**How to complete this task:** Restate the whole of the data below word for word, skipping the images.

**Dataset excerpt:**
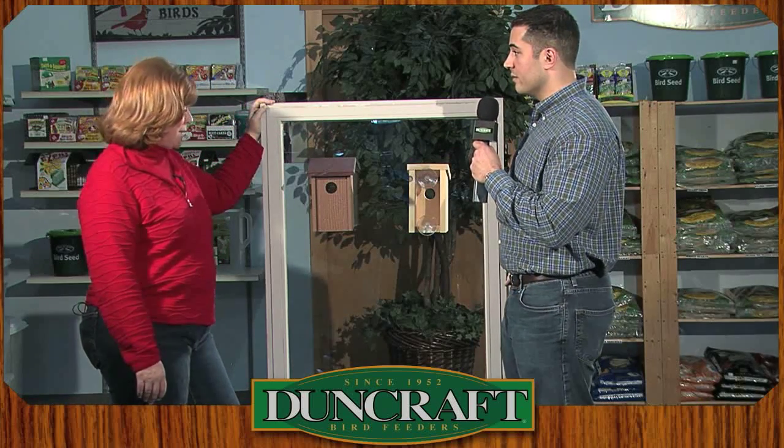Thank you for all your great information. Absolutely. To purchase or learn more about the window view birdhouse, visit Duncraft.com.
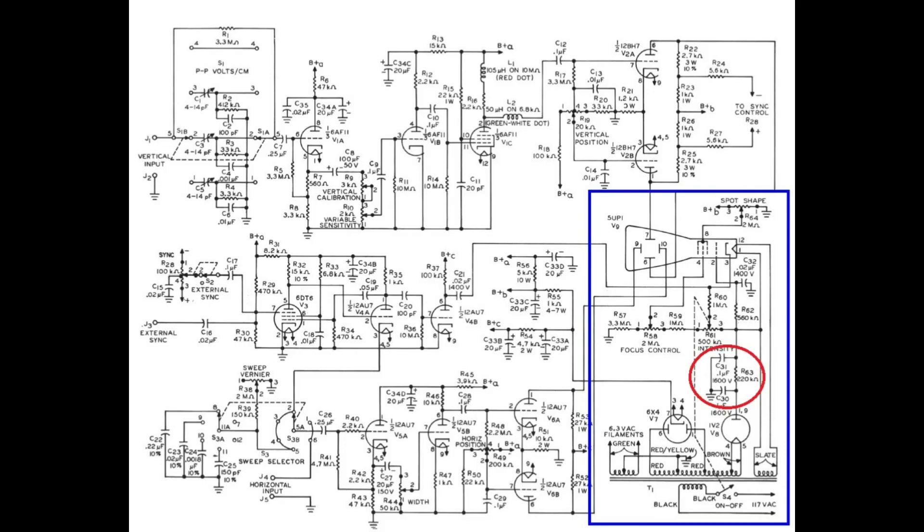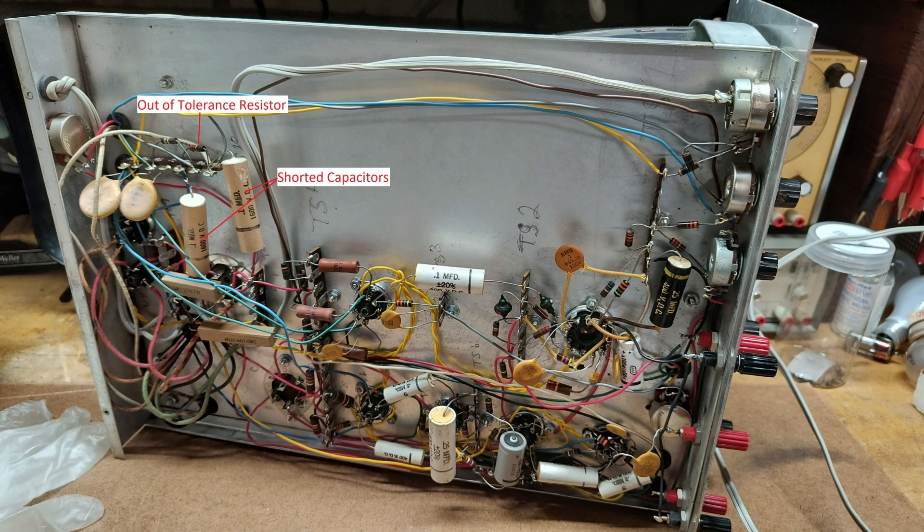I then looked at the PIE filter on the output of the tube. Measuring across the first capacitor C30, I discovered that it was shorted. Proceeding to the second capacitor C31, I discovered that it was also shorted. I then measured the 220k-ohm resistor R63 and determined that it was way out of tolerance.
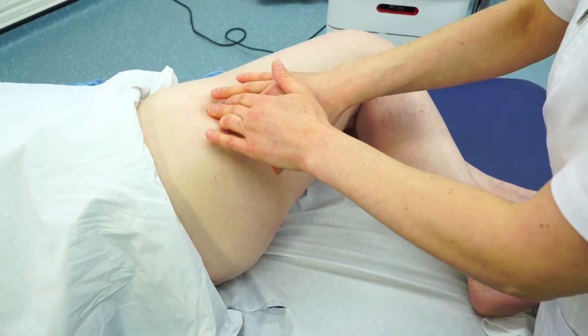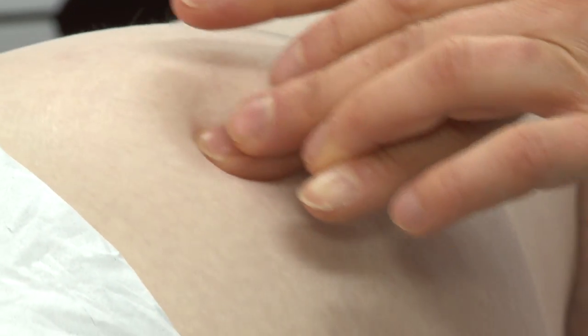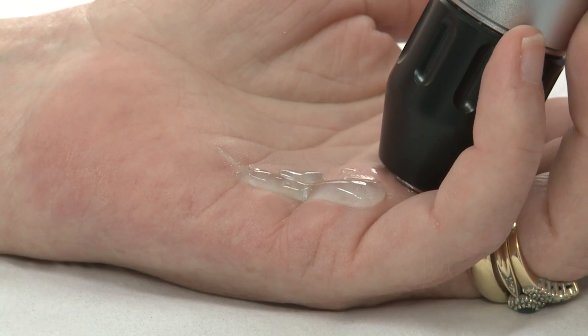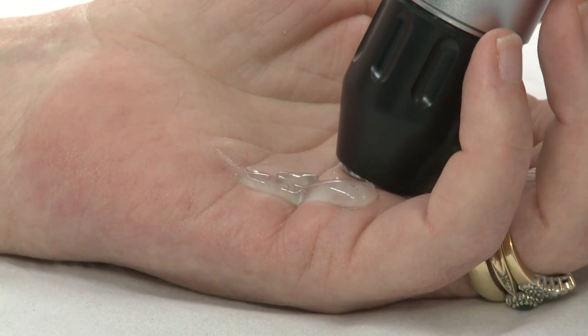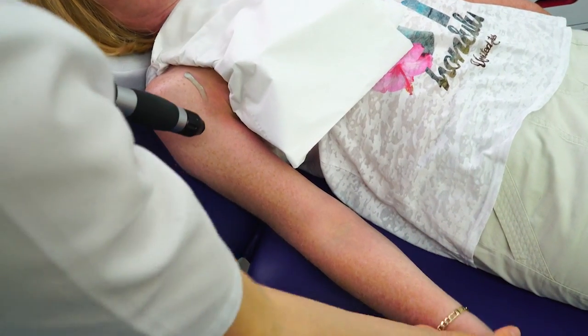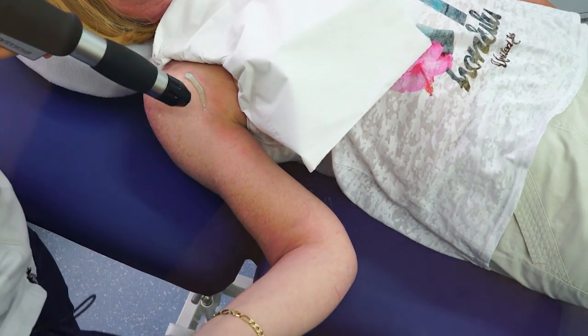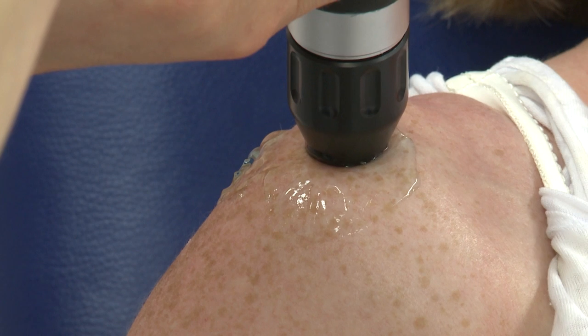As the tissue is broken down by the shockwave, the body starts rebuilding new tissue, replicating the body's own self-healing process. A consultation takes place before treatment to determine the type and severity of condition or injury. A course of extracorporeal shockwave therapy usually involves three to six sessions, each session taking about 15 minutes.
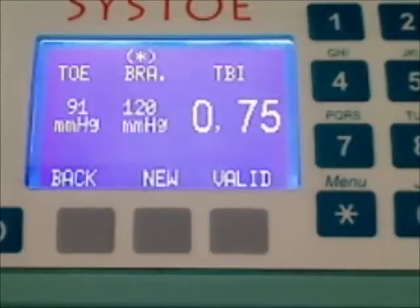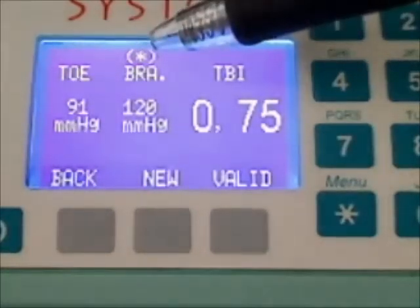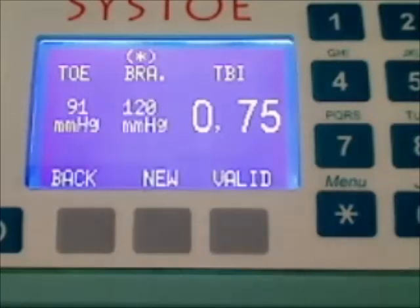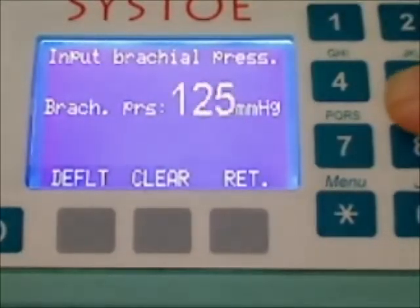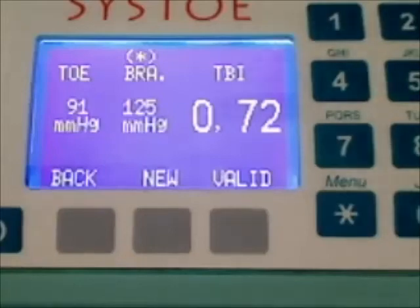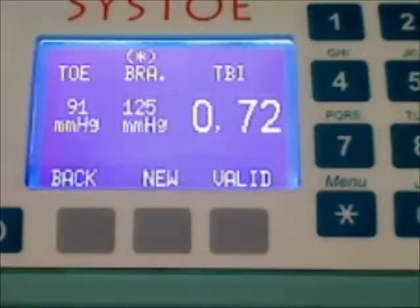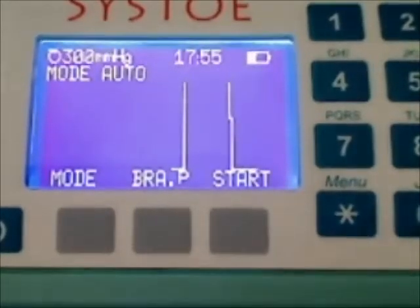If the user needs to input brachial pressure, it is possible from this screen by clicking on the star key. Let's input a new brachial pressure — I click on Start, input 125, then Return. We can see the brachial pressure is updated, as well as the TBI. To do a new measurement, you just have to click on New.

**Answer section:**
Thank you for all your great information. Absolutely. To purchase or learn more about the window view birdhouse, visit Duncraft.com.
I then looked at the PIE filter on the output of the tube. Measuring across the first capacitor C30, I discovered that it was shorted. Proceeding to the second capacitor C31, I discovered that it was also shorted. I then measured the 220k-ohm resistor R63 and determined that it was way out of tolerance.
As the tissue is broken down by the shockwave, the body starts rebuilding new tissue, replicating the body's own self-healing process. A consultation takes place before treatment to determine the type and severity of condition or injury. A course of extracorporeal shockwave therapy usually involves three to six sessions, each session taking about 15 minutes.
If the user needs to input brachial pressure, it is possible from this screen by clicking on the star key. Let's input a new brachial pressure — I click on Start, input 125, then Return. We can see the brachial pressure is updated, as well as the TBI. To do a new measurement, you just have to click on New.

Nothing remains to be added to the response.